Chris Young: The Nationals inked Young to an incentive-laden contract on April 4th, after he impressed them with his performance in big league camp this spring. Because he had opted out of his initial short-term contract on March 26th though, he already hadn’t thrown off of a mound for ten days at that point, so the club immediately sent him to extended spring training in Viera after signing him. A survivor of multiple shoulder surgeries over the years, he spent a couple of more weeks there rebuilding his arm strength before making his season debut in Syracuse last Tuesday.
Young didn’t exactly start his season off on the right foot. Facing Rochester’s lineup of journeymen, he gave up 6 runs and three homers over 4.1 innings, and allowed 12 total base-runners. He threw just 52 of his 94 pitches for strikes, and his usually slow fastball was even slower, hovering around 82 mph for most of the night.
Danny Rosenbaum: After getting Rule 5′d and returned this winter along with Syracuse teammate Jeff Kobernus, Danny Rosenbaum has opened eyes with a spectacular April while pitching for the Syracuse Chiefs. He has been an unheralded prospect ever since he was drafted out of Xavier in ’09, but now that he’s shutting-down triple-A lineups he’s hard to overlook. Following his spotless, seven-inning shut-out performance on Saturday night against Wil Myers and the Durham Bulls, Rosenbaum’s ERA now sits at 1.14 through 23.2 innings–the best mark among triple-A southpaws. And while his five total strikeouts are a little bit on the lean side, he has more than made up for it with a sky-high 3.21 ground-out/air-out ratio, and only one home run allowed. Considering the Nationals are short on quality left-handed relievers right now, the fact that he’s allowed only 6 of 27 left-handed hitters to reach base all season makes him a prime spring call-up candidate.

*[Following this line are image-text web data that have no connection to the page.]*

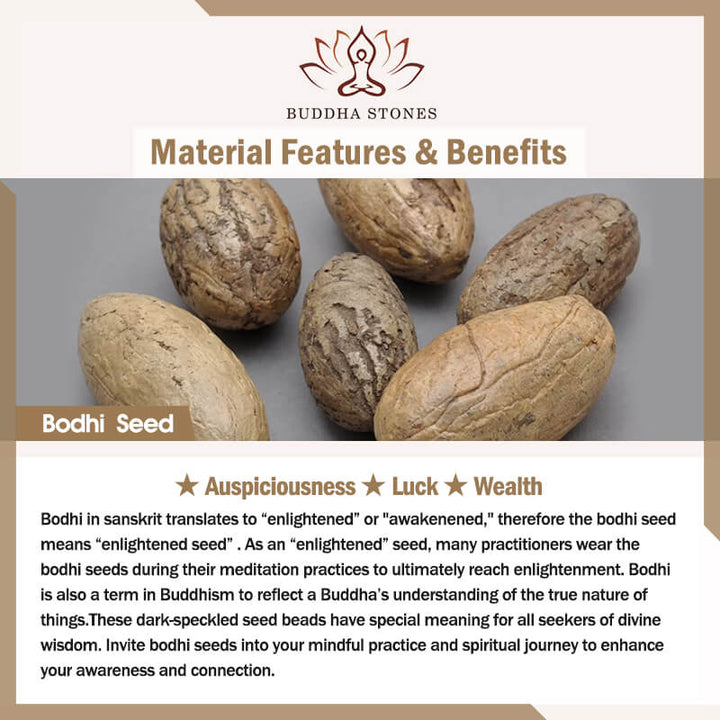 Buddha Stones Tibetan Rosewood Mala Protection Calm Bracelet - image 8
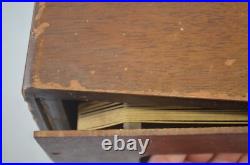 Vintage Gilfillan 6U Tombstone Radio Wood tube Tombstone Radio NON-WORKING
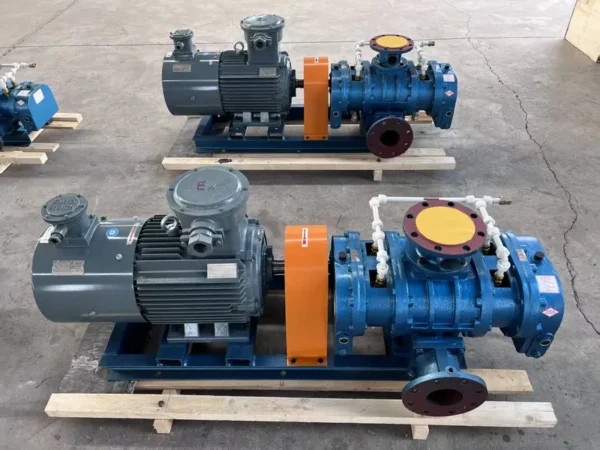 Roots Blower, ZHIFENG, Cast - view 2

J.C. Romero: Romero’s largely successful LOOGY career (what a job huh?) appeared to be coming to a close after he bounced between four teams over the past 2 years and posted poor numbers 2012. However, after he pitched well with team Puerto Rico in the WBC this winter and showed vastly improved velocity, the suddenly lefty-poor Nationals decided to give him a minor league contract. Romero was assigned to Syracuse to open 2013, and so far, he’s been pitching very effectively. Through 9.2 innings of short relief he’s whiffed 14 batters and held lefties to a .167 batting average and only 1 extra-base hit–a double to Brian Dinkelman.
Michael Taylor: Like fellow Nationals top outfield prospect Destin Hood, Michael Taylor has sky-high potential but is coming off of a disappointing 2012 campaign. After batting a lowly .242/.318/.362 last season, Taylor is right back in Potomac this April and is hoping to take a step forward. At first, things weren’t looking a whole lot different for the long-’n-lean center fielder. On April 12th, when the P-Nats were opening their third series of the young season, all Taylor had to show for his work at the plate was three singles and a triple in 29 at bats–a .137 batting average. Since then, he’s improved steadily however, belting 2 home runs and six extra-base hits over his last ten games, and going 15-for-53 since that low point on the twelfth. Blessed with race-car wheels, he’s also putting his speed to better use in games lately as he successfully stolen six consecutive bases over the past week and a half, giving him eight total in eleven attempts.